Professor Gustavo Brito (PhD) talks about reading and translating Ama

I met my good friend, the award-winning author Manu Herbstein, in Johannesburg exactly 10 years ago at the 40th the Conference of the African Literature Association (ALA), held at the University of the Witwatersrand. I was there presenting my master’s thesis on the Zimbabwean author, Chenjerai Hove. I believe I was the only Brazilian there. It was an auspicious event, with Manu Herbstein from Ghana, Mia Couto from Mozambique, and Susan Kiguli from Uganda in my audience.

40th the Conference of the African Literature Association (WITS, 2014)

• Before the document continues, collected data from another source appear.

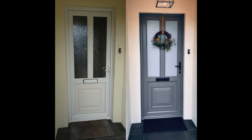If you have a go at painting your UPVC door then please let me know in the comments down below. Thanks for watching and I'll see you in my next video. Bye!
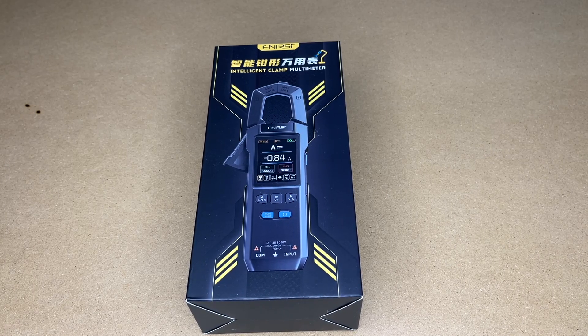Welcome. In this video, I'm going to be taking a look at this FNIRSI DCM100 Intelligent Clamp Multimeter. This was provided to me by the distributor, but they're not compensating me for this video and they're not reviewing it before I post it. If you find this video helpful and you want to purchase one, I'll put a link in the description, and if you use that link it helps me out a little bit and doesn't cost anything extra.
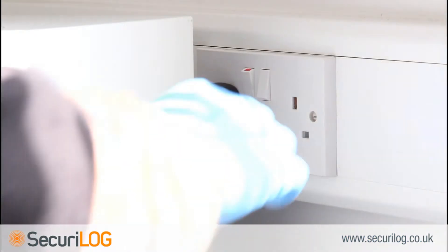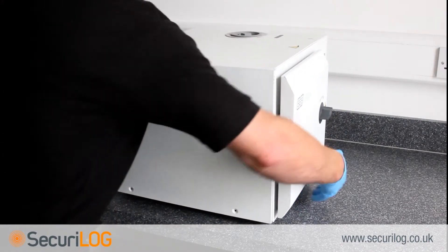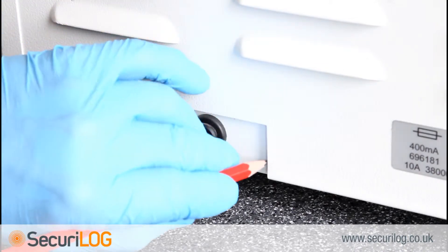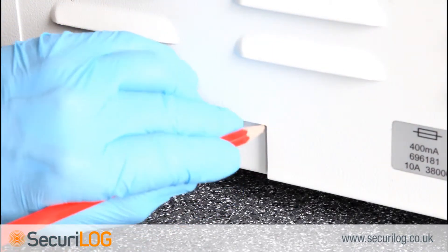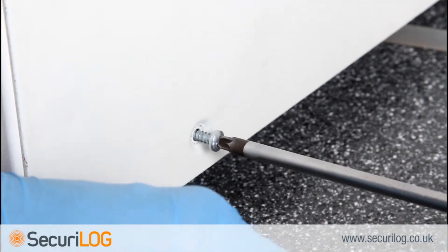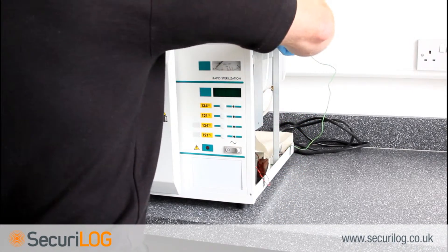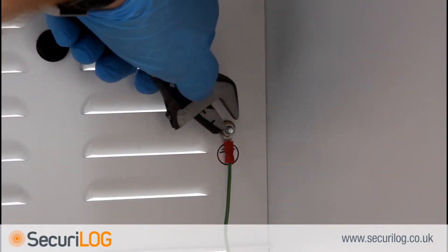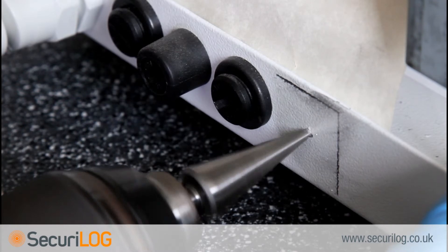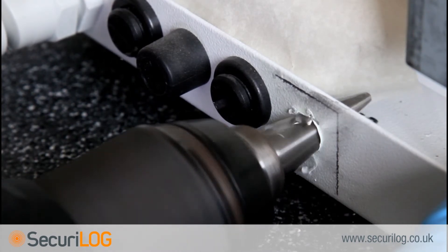Installing the bulkhead fitting: unplug the steriliser from the mains and move into a practical position. Using the cover as a guide, mark where the hole will be drilled. Unscrew the cover fixing screws and remove the cover, taking care not to damage the earth cable which also needs to be removed. Drill a hole 11.5mm in diameter to the right of the fuse holders — this is the only location which will allow the cover to be replaced after installation.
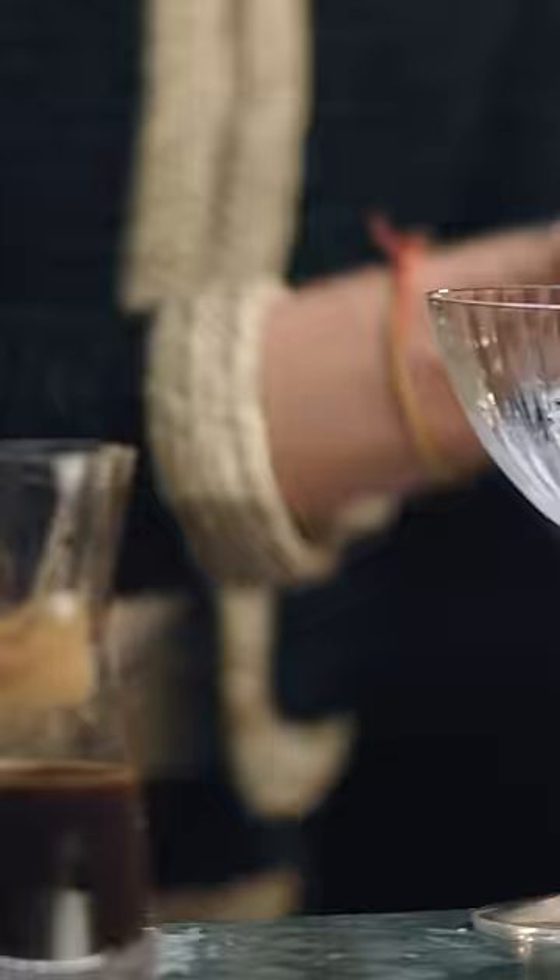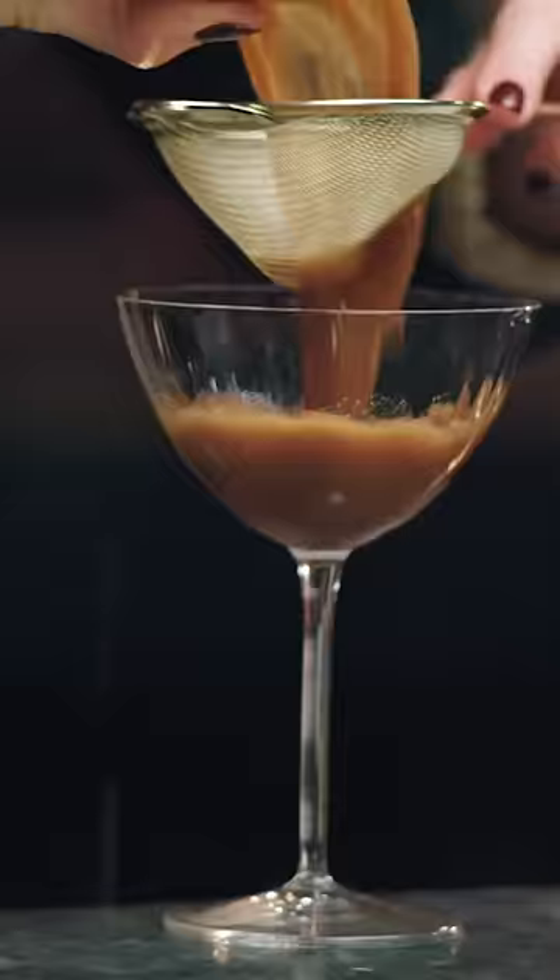This is called the pony and this is called the jigger. This is called the hawthorn. So this kind of sits on top of your shaker.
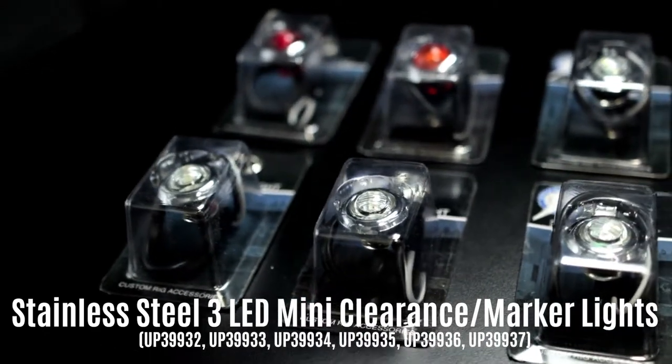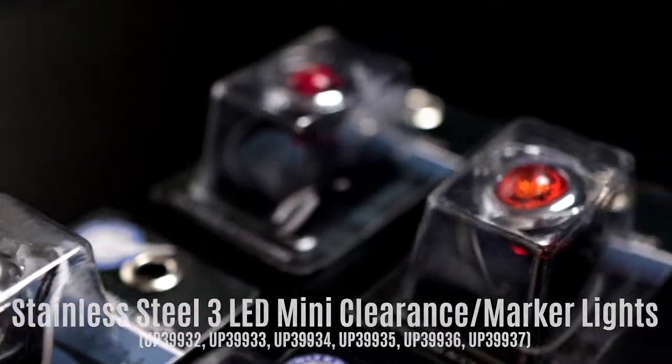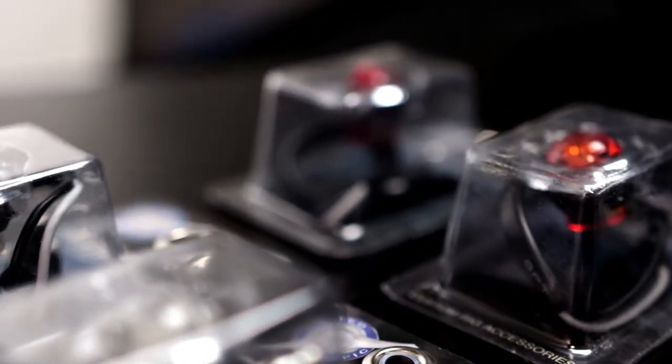Today we're going to take a look at United Pacific's stainless steel 3 LED mini clearance and marker lights. They require a three-quarter inch opening and mount with enclosed rubber grommets.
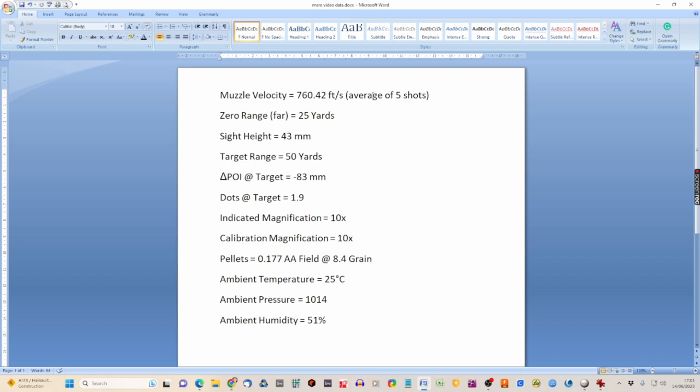Going down the list of data we've collected: we averaged five shots through the chronograph and got 760.42 feet per second. Our zero range is 25 yards — classed as the far zero in the program. The sight height measured using the tinfoil method was 43 millimeters. Our target range was 50 yards, which is two times the zero range. The point of impact showed a drop of minus 83 millimeters.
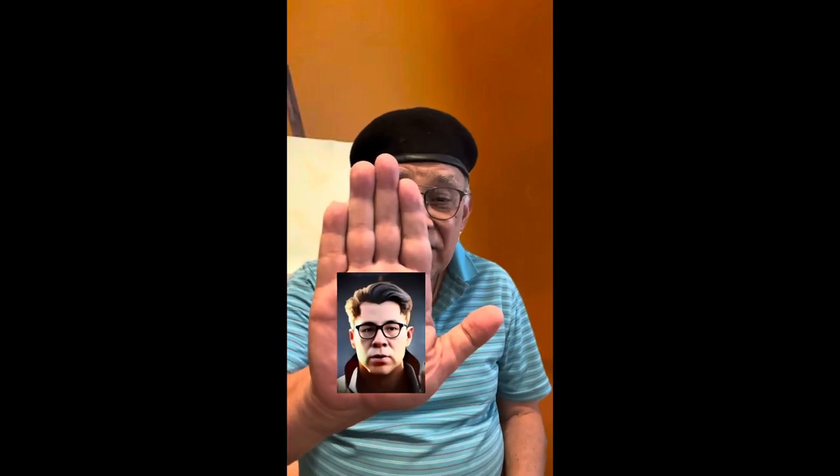Hi everybody, Grandpa Murray here. As I said, we got a special thing going now. Years ago when I was a young guy, just a youngster, just getting into the painting community, like this guy.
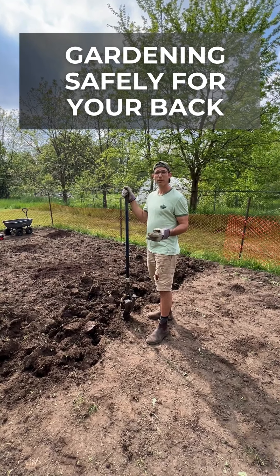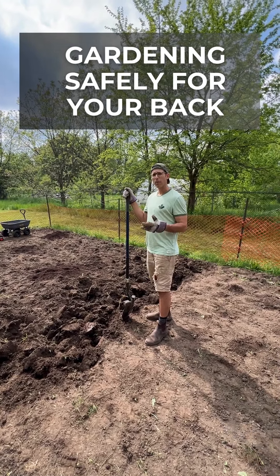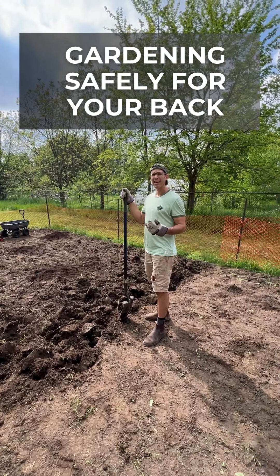This is a video to show you how not to hurt your back while you're gardening. I'm applying the hip hinge, which I've taught in another video on our website, to gardening.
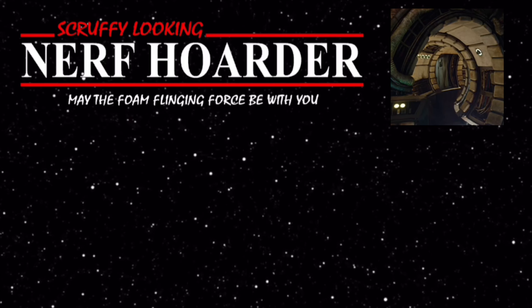Greetings, accepted one. As a token of my goodwill I present to you these two videos, both about Star Wars weapons that will serve you well. Until next time, may the foam-flinging force be with you.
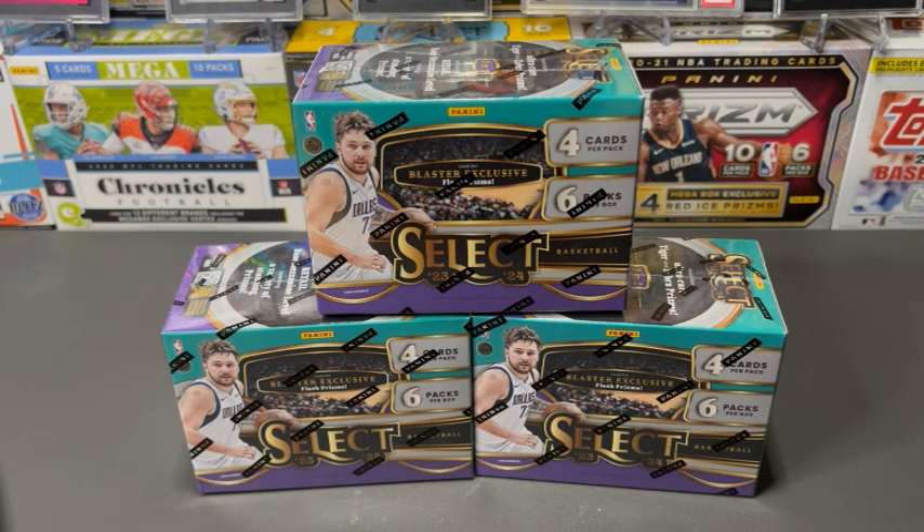We definitely saw some of the new 2023-24 Select Basketball. We saw some mega boxes, and we also saw these blaster boxes. So I picked up three for us to open up, take a look at, and see what they're all about.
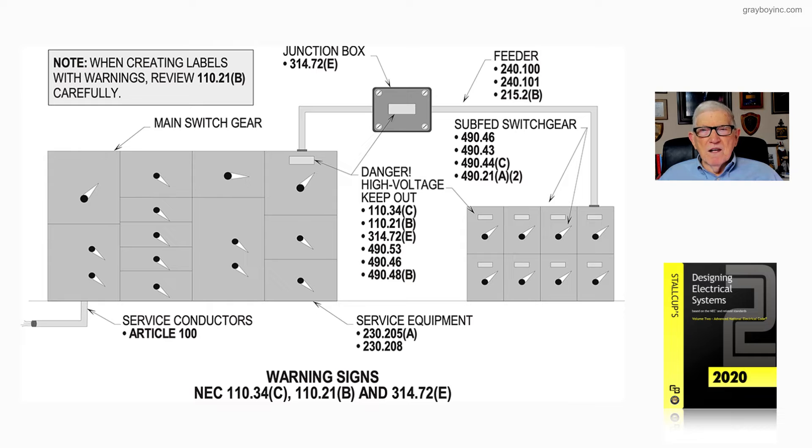Notice the feeder from the main switchgear routed through the junction box over to a subfed switchgear or switchboard. The overcurrent protection you have to provide is covered in 240.100 and 240.101. And 215.2B makes it clear that when you review 230.208B, the 125% rule for continuous duty does not exist unless you choose to apply it.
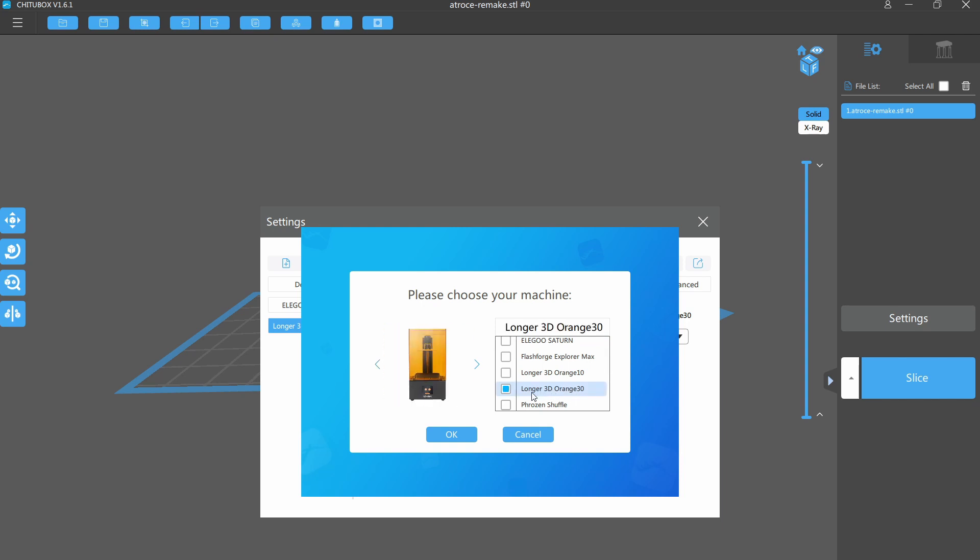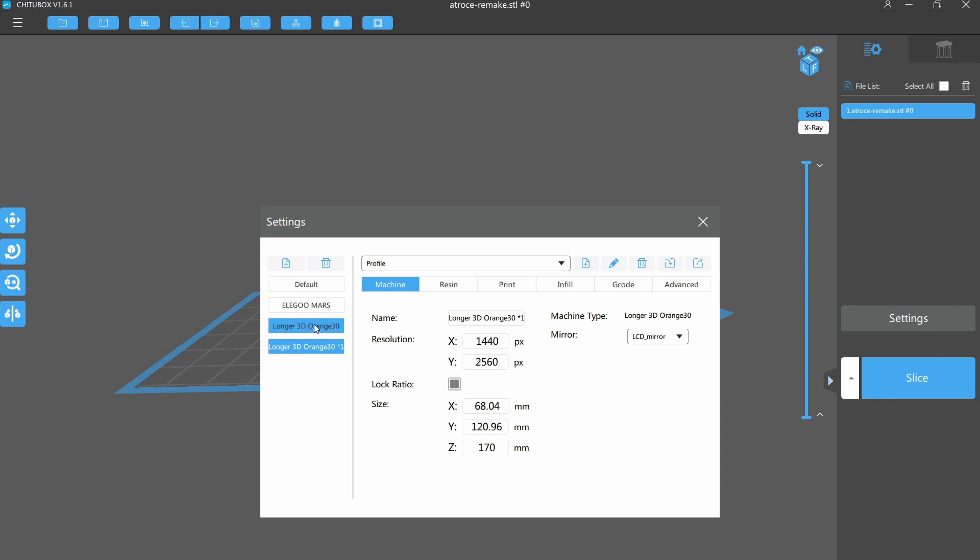The last upgrade, which is not on the machine itself, is the software. The Alphawise W10 required me to use their Alphawise software, which at the time I had nothing to compare it to. Since then I've been very spoiled with the ChiTuBox slicer, which so many people use. I love it — I dread having to use any other slicer because I know where everything is and the UI and workflow is so simple. Fantastic news: with this machine it is now natively usable with ChiTuBox. Download the latest version, it has a profile for this machine — click Add Printer, it loads all the settings, you import your files and it exports them in the LGS30 file format, which is what this machine takes. That, to me, is absolutely awesome.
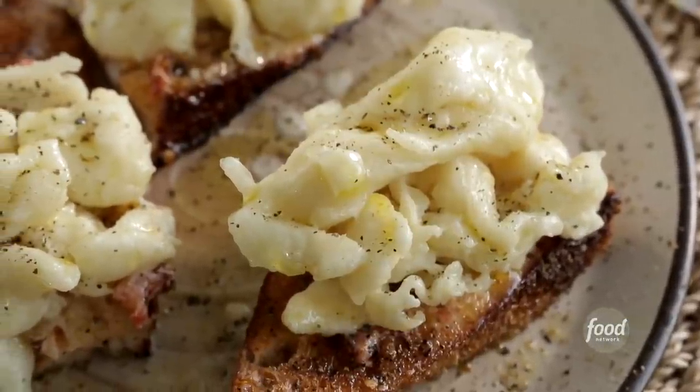We just smear it on some bread. We're going to rub some garlic, some tomato. I'm not reinventing the wheel here. We're cooking food that is as simple, to the point, and delicious.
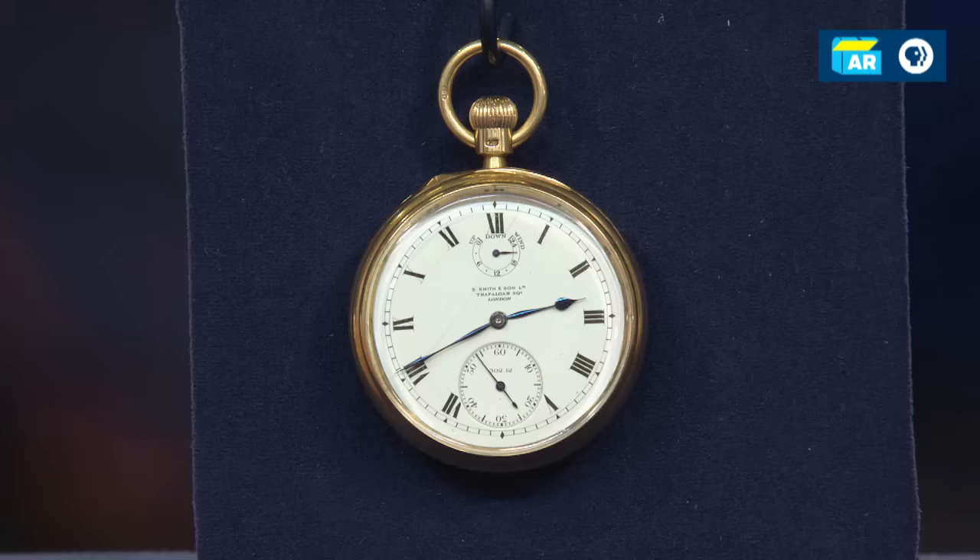This watch in the present market would retail between $40,000 and $50,000. This tourbillion escapement is still rare today and is found in very collectible watches. Take a Patek Philippe wristwatch — an 18-karat gold Patek Philippe with a strap retails for around $20,000. That same watch with a tourbillion escapement would retail by Patek Philippe between $200,000 and $250,000. So it's something really wonderful to have and very special.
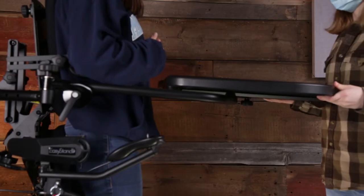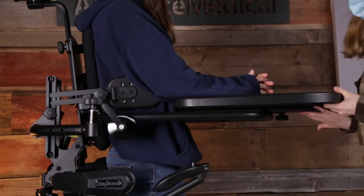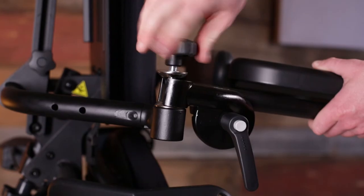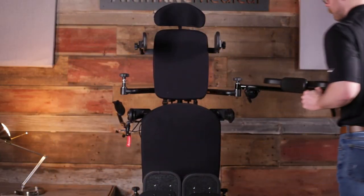With height, depth, and tray angle adjustment, it fits a wide range of users and adapts as needs change over time. This option can be ordered as a swing-away tray, where by loosening the knob on one side, the tray swings away and stays attached to the standard.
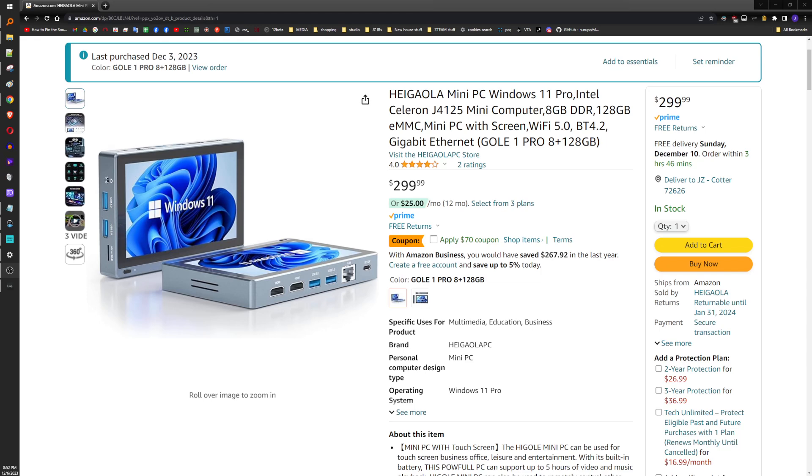Hey, what's up guys? So I got one of these things. I had a little $70 coupon, I couldn't resist. They got me with the psychological warfare.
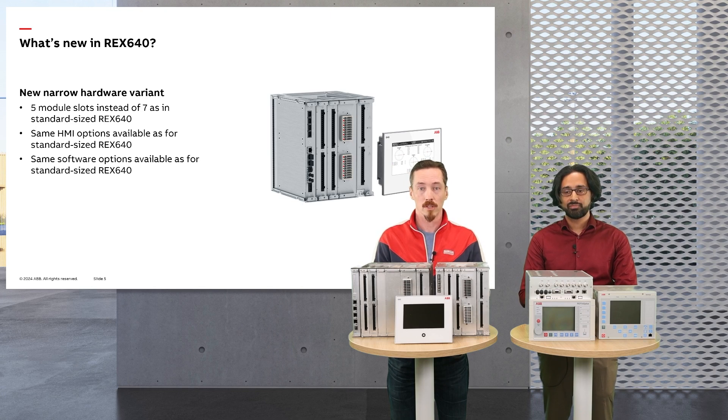We have done this by removing two of the seven module slots available. Otherwise the relay is available as it is in the standard version, meaning that the HMI options are the same as well as the software options.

Over these 10 years, I have had the privilege of getting closer to and developing projects with all three authors. I translated Susan Kiguli’s poem “Love” into Portuguese (the poet joined an online meeting with my students in 2023), and I produced the play The Day Mabata-bata Exploded, an adaptation of Mia Couto’s short story of the same name (Mia assisted with the copyright). However, the most intense collaboration that emerged from this meeting in South Africa was certainly with Manu.

Right after my conference, Manu and I were introduced. He told me he was a novelist and had written two novels set during the Atlantic slave trade: Ama: A Story of the Atlantic Slave Trade and Brave Music of a Distant Drum. We didn’t have the chance to talk much after that, but we exchanged emails. When I returned to Brazil, after an intense conference, my perception of the relationship between Brazil and Africa was forever changed. In 2014, we were celebrating another 10-year anniversary—the enactment of Law 10.639/03, which requires that content about African history and African literature be incorporated into the curricula at all levels of education across the country.

Given this, a question began to bother me: “Why should Brazilians read African literature?” There are countless answers, but what would be the best ones? I wrote a short manifesto addressing the law and the question, and I sent it to some of the authors I had met at the ALA. Manu Herbstein recorded a wonderful video responding to the question. At that moment, a long and rich exchange of emails and experiences began.

Por que os Brasileiros devem ler Literatura Africana?

After watching Manu’s video, I became intensely curious about his work, and when I finished reading Ama, I was convinced that this novel should hold a special place in the literature in Brazil. Ama needed to be read by more Brazilians because the novel deals with a shadowy, if not obliterated, period of our history—specifically, the history of the Africans who arrived in Brazil, before they were enslaved and during their diaspora.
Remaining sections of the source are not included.